Longitudinal information in radiology reports refers to the sequential tracking of findings across multiple examinations over time, which is crucial for monitoring disease progression and guiding clinical decisions. Many recent automated radiology report generation methods are designed to capture longitudinal information; however, validating their performance is challenging. There is no proper tool to consistently label temporal changes in both ground-truth and model-generated texts for meaningful comparisons. Existing annotation methods are typically labor-intensive, relying on the use of manual lexicons and rules. Complex rules are closed-source, domain specific and hard to adapt, whereas overly simple ones tend to miss essential specialised information. Large language models (LLMs) offer a promising annotation alternative, as they are capable of capturing nuanced linguistic patterns and semantic similarities without extensive manual intervention. They also adapt well to new contexts. In this study, we therefore propose an LLM-based pipeline to automatically annotate longitudinal information in radiology reports. The pipeline first identifies sentences containing relevant information and then extracts the progression of diseases. We evaluate and compare five mainstream LLMs on these two tasks using 500 manually annotated reports.
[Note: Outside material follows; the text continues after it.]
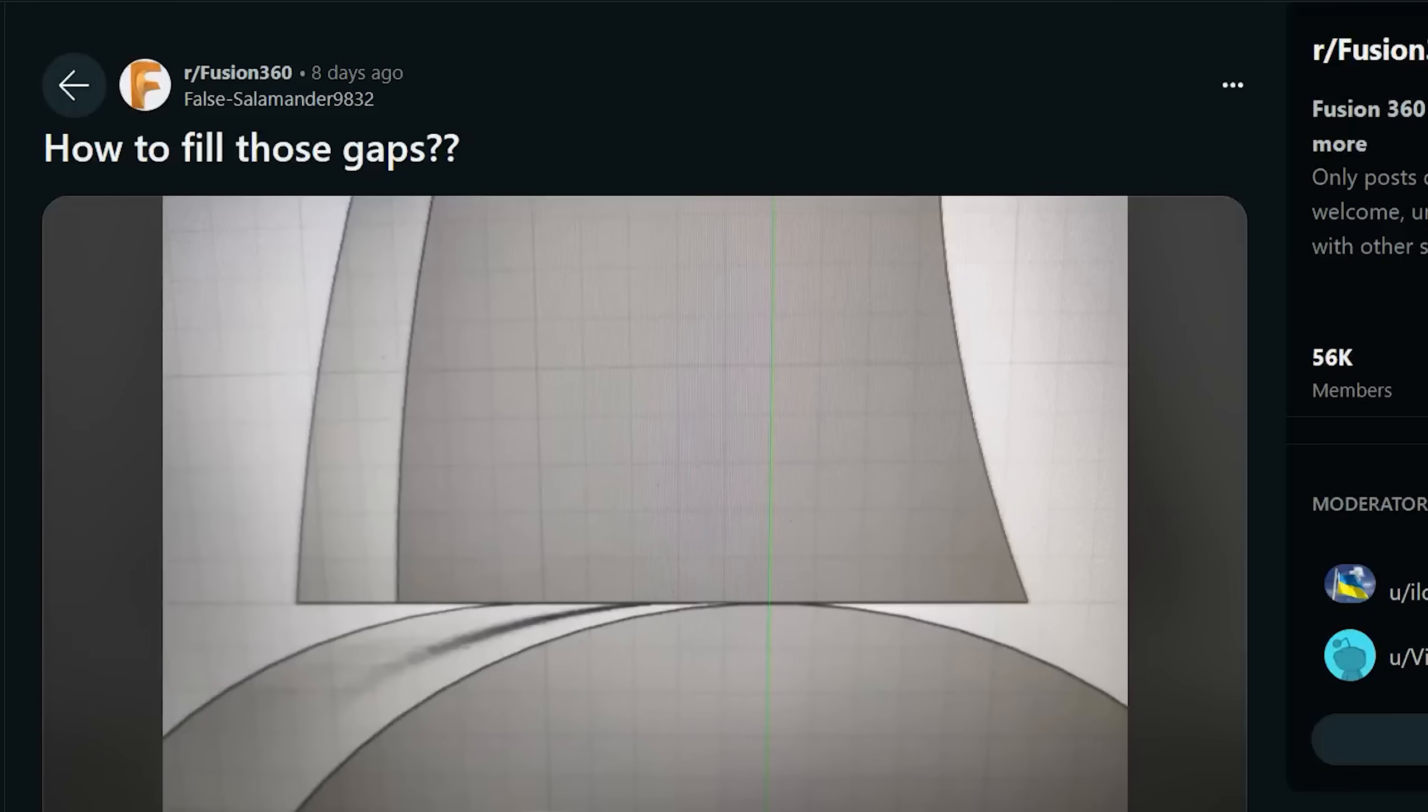If you are a frequent visitor of the Fusion subreddit, you would come across a very common problem. This usually involves a gap between two bodies and the user will be asking how to bridge that gap.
Considering both efficiency and performance, Qwen2.5-32B was subsequently selected and used to annotate another 95,169 reports from the public MIMIC-CXR dataset. Our Qwen2.5-32B-annotated dataset provided us with a standardized benchmark for evaluating report generation models. Using this new benchmark, we assessed seven state-of-the-art report generation models. Our LLM-based annotation method outperforms existing annotation solutions, achieving 11.3\% and 5.3\% higher F1-scores for longitudinal information detection and disease tracking, respectively.